While time would reveal that Morrow’s negotiations had achieved nothing of enduring consequence, his diplomatic style gave the illusion that United States–Mexican rapprochement was possible. He was hailed as victorious on both sides of the table.
44

By the end of March 1928, five months into Morrow’s service, his name was mentioned in Washington as the next Republican candidate for president. Will Rogers wrote:

Being President is child’s play compared to pacifying Mexico … He is the biggest ad Wall Street ever sent out. He almost makes ’em look respectable.
45

 

Insulated from politics and unaware of her brother’s and sister’s rebellions, Anne began to enjoy her freedom. By May 1928, on her graduation from Smith, Anne felt more creative and more in tune with her body than ever before. She began to see herself apart from her mother and her sisters and beyond the “towering shadow” of Lindbergh.
46

A career in writing seemed a possibility. That spring, she had won two prestigious academic prizes: the Elizabeth Montagu Prize for her essay on women of the eighteenth century and Madame d’Houdetot, and the Mary Augusta Jordan Literary Prize for her work of fiction called “Lida Was Beautiful.” The Comtesse d’Houdetot was a French aristocrat who defied her parents and the conventions of marriage by keeping a lover who held a key to her private garden. Intent on deceiving no one, she chose to live authentically, viewing life as would an innocent child.
47
Implicit was Anne’s wish to judge life according to her own standards.

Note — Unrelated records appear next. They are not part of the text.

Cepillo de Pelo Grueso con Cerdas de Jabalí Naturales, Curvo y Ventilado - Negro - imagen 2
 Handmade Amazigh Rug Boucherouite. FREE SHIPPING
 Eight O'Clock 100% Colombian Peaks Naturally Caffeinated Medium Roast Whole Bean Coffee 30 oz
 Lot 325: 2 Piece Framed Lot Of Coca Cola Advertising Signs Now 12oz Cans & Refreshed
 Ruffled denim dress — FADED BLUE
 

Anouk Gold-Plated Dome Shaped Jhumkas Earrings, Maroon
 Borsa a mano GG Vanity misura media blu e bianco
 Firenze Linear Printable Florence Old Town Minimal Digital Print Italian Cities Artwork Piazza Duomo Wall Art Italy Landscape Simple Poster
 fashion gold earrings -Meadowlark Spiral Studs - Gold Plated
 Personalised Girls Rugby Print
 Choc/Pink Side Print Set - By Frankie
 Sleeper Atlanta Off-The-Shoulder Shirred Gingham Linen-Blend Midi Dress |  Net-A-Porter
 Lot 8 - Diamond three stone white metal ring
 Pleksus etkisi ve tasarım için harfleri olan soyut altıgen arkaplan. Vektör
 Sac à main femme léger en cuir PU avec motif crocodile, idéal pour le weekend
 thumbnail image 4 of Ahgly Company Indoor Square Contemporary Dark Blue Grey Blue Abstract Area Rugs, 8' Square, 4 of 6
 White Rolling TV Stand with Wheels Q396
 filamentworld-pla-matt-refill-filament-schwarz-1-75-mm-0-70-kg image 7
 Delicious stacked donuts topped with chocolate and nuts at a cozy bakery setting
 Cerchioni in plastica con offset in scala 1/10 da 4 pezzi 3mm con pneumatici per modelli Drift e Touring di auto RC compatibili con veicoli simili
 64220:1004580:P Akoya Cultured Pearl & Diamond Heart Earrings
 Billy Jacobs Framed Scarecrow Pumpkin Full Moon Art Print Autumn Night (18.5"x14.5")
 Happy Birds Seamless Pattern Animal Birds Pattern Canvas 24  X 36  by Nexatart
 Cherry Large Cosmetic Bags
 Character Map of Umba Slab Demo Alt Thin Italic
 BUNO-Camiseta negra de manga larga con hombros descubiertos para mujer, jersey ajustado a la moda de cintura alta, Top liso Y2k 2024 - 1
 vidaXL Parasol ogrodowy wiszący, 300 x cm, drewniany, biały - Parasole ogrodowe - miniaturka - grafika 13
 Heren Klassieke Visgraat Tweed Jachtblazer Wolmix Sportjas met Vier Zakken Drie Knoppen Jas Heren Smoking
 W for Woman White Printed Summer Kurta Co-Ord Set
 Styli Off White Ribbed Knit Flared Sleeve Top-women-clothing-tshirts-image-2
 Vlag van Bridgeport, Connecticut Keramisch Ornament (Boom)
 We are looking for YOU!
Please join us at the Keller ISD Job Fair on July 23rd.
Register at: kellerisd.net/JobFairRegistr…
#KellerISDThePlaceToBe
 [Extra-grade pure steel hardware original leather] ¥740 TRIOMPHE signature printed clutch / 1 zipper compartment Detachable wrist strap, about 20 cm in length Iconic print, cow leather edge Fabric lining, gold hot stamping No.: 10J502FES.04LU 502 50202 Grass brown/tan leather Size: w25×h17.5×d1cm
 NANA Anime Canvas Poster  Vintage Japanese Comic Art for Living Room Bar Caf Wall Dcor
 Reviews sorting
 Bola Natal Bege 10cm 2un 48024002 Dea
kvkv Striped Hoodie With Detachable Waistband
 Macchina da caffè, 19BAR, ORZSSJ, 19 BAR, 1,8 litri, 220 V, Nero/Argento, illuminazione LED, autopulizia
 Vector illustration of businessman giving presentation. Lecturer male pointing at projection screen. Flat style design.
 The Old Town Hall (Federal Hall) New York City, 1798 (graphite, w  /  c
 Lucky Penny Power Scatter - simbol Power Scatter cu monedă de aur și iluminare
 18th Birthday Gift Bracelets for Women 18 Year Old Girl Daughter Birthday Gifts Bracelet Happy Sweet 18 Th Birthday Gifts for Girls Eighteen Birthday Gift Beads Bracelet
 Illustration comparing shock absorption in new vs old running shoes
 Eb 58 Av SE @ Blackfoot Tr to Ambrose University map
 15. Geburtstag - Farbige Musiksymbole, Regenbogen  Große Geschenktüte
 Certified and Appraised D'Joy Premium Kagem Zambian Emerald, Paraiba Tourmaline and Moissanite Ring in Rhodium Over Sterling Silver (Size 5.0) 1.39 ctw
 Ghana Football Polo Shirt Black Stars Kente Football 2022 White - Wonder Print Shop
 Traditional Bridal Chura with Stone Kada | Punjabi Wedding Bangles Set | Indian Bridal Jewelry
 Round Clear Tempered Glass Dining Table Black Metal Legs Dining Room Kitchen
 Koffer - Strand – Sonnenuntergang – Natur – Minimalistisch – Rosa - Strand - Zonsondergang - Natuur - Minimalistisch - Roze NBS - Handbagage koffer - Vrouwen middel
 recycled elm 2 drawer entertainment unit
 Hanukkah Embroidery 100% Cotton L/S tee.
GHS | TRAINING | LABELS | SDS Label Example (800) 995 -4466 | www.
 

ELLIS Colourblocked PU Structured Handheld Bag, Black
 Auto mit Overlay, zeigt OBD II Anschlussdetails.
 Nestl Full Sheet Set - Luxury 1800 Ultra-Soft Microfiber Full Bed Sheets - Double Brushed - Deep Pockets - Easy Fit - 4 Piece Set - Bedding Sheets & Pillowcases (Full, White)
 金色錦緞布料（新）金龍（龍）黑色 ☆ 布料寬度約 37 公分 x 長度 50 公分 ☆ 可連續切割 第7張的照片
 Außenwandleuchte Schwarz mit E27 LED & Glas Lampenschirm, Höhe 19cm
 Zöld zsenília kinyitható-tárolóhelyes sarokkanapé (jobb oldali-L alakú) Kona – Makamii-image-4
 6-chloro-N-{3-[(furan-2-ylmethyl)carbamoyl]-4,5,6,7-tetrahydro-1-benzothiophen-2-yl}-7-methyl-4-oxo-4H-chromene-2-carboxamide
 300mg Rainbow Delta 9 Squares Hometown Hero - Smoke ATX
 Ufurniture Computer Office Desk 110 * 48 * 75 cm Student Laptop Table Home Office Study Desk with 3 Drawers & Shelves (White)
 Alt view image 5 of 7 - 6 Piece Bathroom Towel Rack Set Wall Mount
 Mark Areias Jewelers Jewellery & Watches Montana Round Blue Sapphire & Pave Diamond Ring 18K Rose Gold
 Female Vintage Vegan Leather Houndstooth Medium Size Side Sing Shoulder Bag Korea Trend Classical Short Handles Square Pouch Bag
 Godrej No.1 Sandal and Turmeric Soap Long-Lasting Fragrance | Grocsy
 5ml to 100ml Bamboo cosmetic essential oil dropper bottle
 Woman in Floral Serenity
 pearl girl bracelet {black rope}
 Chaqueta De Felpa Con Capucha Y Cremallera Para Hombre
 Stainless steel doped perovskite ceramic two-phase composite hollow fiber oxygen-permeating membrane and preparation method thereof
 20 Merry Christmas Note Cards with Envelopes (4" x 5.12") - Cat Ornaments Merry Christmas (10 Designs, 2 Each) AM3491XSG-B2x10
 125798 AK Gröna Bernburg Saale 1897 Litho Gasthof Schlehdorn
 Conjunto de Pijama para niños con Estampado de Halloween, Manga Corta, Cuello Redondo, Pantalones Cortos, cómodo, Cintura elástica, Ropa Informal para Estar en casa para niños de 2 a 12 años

“Lida Was Beautiful” is a wicked little piece about a young woman’s misfortune of having a beautiful cousin. Poetic and carefully executed, it was a thinly veiled account of Anne’s envy of Elisabeth. But it ends on a note of self-appreciation. Like Anne, the protagonist, a plain Jane, was young, slim, and worthy of admiration.
48

Anne was proud of her prizes and enjoyed the attention they elicited from her family. Still, the notion of her “smallness”—her insignificance—whispered through the bravada.
49

Anne returned home in the summer of 1928, as her mother had done thirty-two years earlier. Even though she did not carry her mother’s economic and family burdens, she felt stripped of purpose. With only the hope of a literary career and vague notions of teaching and marriage, Anne had nothing to do and no plans for the future. Alone in Englewood, thousands of miles away from her parents, Anne wrote incessantly in her diary, pushing her observations toward form and cohesion.
The diary became a laboratory in which to examine art and love. They were, she wrote, rooted in the same source—the need to infuse ordinary life with the unifying “magic” of perfection. But metaphysics often gave way to fantasy. Anne created a pantheistic world moved by mysteries she could not explain. Thrilled yet frightened by the power of her vision, sensing that she was on the verge of self-discovery, she longed for “fusion” with someone or something larger than herself.